WHAT YOU HAVE TO DO → What you return should be the lines from the first line of the records below through the line holding "Women's fashion diamond", unchanged.
---------- PROVIDED RECORDS
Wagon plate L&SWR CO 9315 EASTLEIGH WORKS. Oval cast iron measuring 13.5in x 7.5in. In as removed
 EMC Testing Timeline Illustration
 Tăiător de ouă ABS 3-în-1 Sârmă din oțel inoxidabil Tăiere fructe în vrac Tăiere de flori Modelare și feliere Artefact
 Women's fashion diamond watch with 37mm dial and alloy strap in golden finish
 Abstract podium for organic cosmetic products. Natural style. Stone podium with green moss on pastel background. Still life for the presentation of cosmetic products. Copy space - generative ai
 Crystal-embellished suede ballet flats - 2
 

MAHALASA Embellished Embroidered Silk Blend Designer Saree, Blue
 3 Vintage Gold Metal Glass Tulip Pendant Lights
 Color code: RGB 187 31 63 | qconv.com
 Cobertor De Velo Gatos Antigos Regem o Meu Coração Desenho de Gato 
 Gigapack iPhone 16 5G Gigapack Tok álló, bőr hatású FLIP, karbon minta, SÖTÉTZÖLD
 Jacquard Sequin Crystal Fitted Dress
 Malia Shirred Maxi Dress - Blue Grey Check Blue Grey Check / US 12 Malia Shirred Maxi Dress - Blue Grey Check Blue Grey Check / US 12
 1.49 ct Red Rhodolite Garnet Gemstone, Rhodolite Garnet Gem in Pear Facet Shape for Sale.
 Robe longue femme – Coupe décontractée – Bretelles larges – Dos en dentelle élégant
--------------------
OUTPUT OF THE EXERCISE →
Wagon plate L&SWR CO 9315 EASTLEIGH WORKS. Oval cast iron measuring 13.5in x 7.5in. In as removed
 EMC Testing Timeline Illustration
 Tăiător de ouă ABS 3-în-1 Sârmă din oțel inoxidabil Tăiere fructe în vrac Tăiere de flori Modelare și feliere Artefact
 Women's fashion diamond watch with 37mm dial and alloy strap in golden finish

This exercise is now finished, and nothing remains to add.